Булыжник полетел в витрину. Посыпалось стекло. Повалились окорока и колбасы. Красный деревянный шар, изображавший головку сыра, упал на тротуар и, игрушечный, покатился по асфальту. Толпа дрогнула, обожженная внезапной и злой решимостью.
— А-а-а!
Точно сговорившись, сотня людей — бледных, искривленных криком —- ворвалась в магазин. Продавщицы побежали вдоль прилавков, стиснулись в узкой двери. Широкозадая директорша, сбрасывая на ходу белый халат, нырнула по черному ходу. В безрассудной слепой ненависти народ колотил зеркальные простенки, опрокидывал бочки с протухшими снетками, хлюпал по рассолу, растекавшемуся лужей по плиткам клетчатого пола.
— А-а-а-а-а-а-а!
— А-а-а-а-а-а-а!
Возрастающим снежным комом катился крик по широкой улице, огибавшей кольцом Москву. Волны, как в наводнение, подымались, пенились, разливались перекатами по городу. На Тверской, Мясницкой, Покровке, Маросейке... хряпали удары, взлетали булыжники, кирпичи. Вспыхивали пожары, несло клубы черного дыма.
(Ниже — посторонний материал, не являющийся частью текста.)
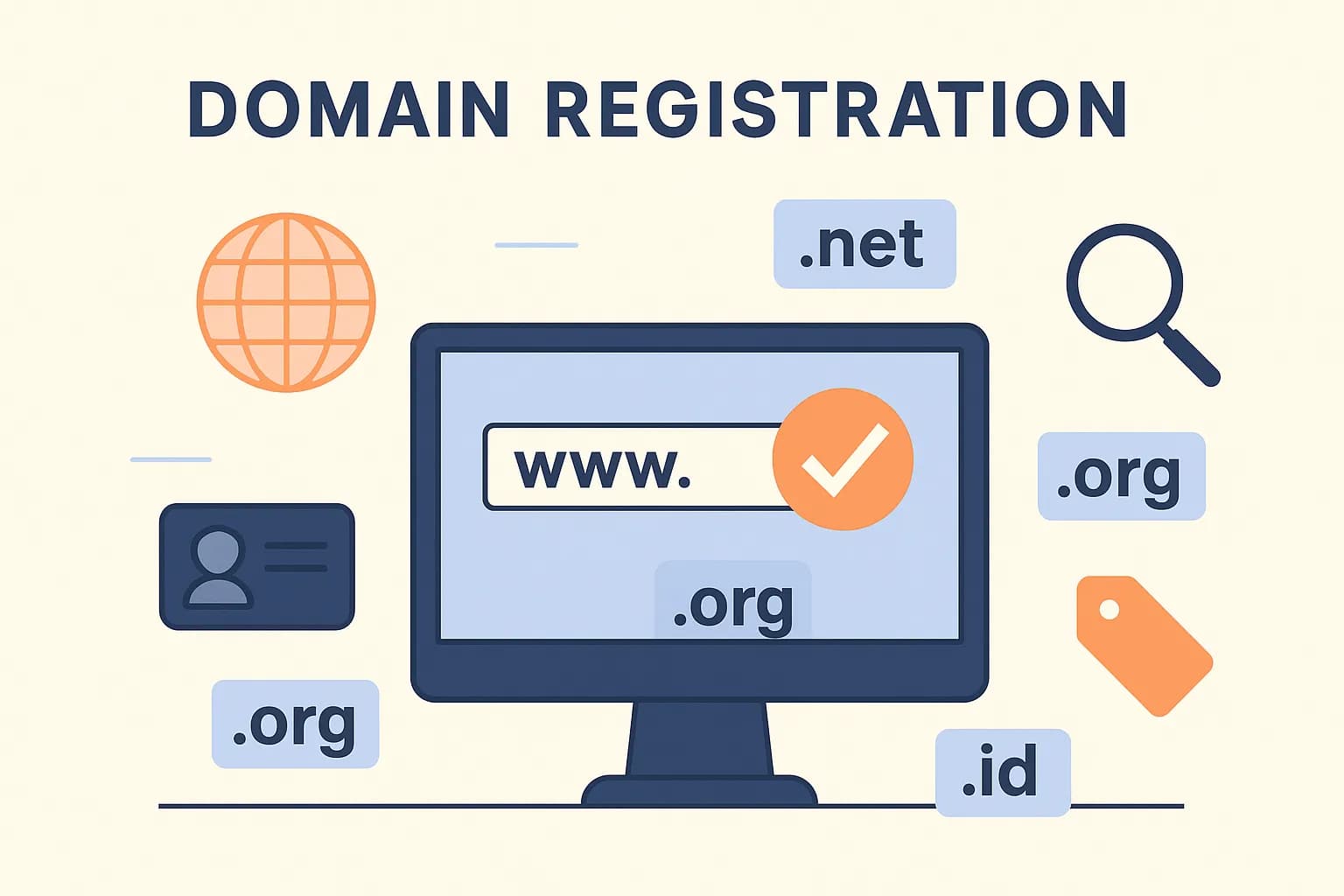 Apa itu Domain: Pengertian, Jenis dan Perbedaan dengan Hosting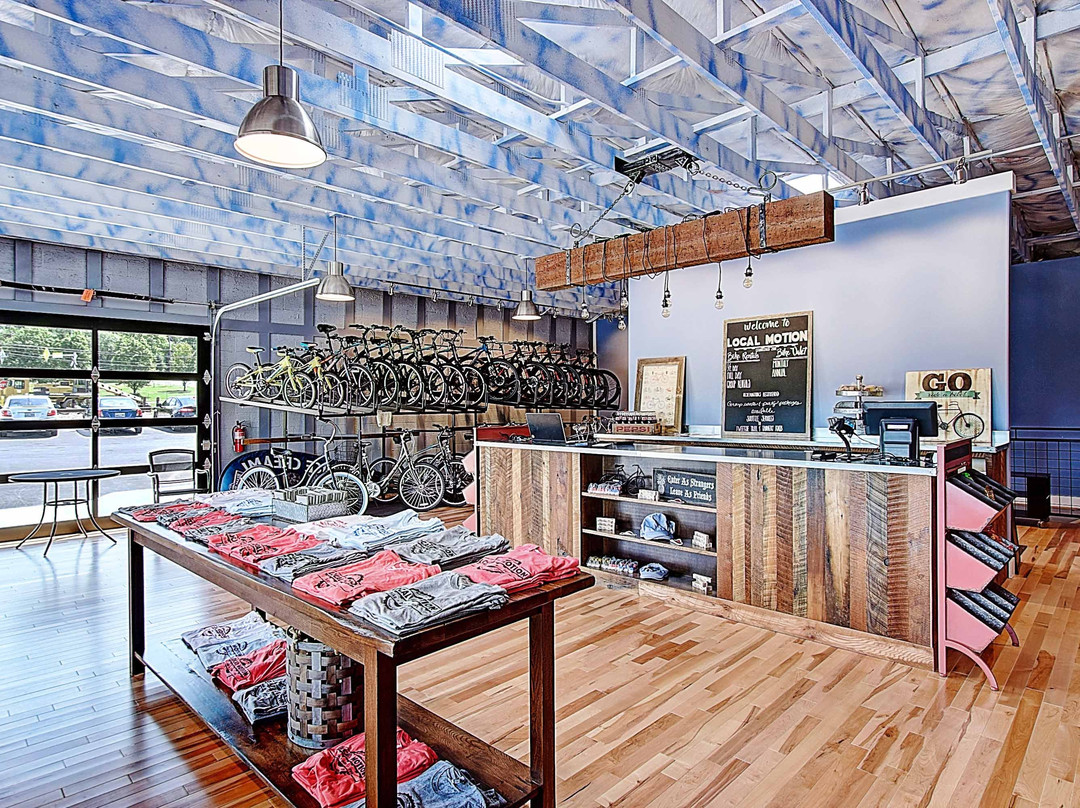 Local Motion-约翰逊城必去景点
Для Юхнова все это было точно праздник. Еще в Тарасовке он развеселился, как подвыпивший. Дурачился всю дорогу. Увидит на шоссе толпу, которая грабит машину, — высунется из кабинки, помашет пилоткой. В толпе заметит скучного ограбленного трестовика — приставит к носу расшеперенную пятерню и вывалит язык, подразнится. Обнимая меня, орал в ухо:
|
— Михалыч, сколько лет мы с тобой знакомы? Десять, если не больше? Не позабыл еще нашу олонецкую сторонку? Ты, чорт, сибиряк, пень таежный, а мне-то она родная. Э-эх...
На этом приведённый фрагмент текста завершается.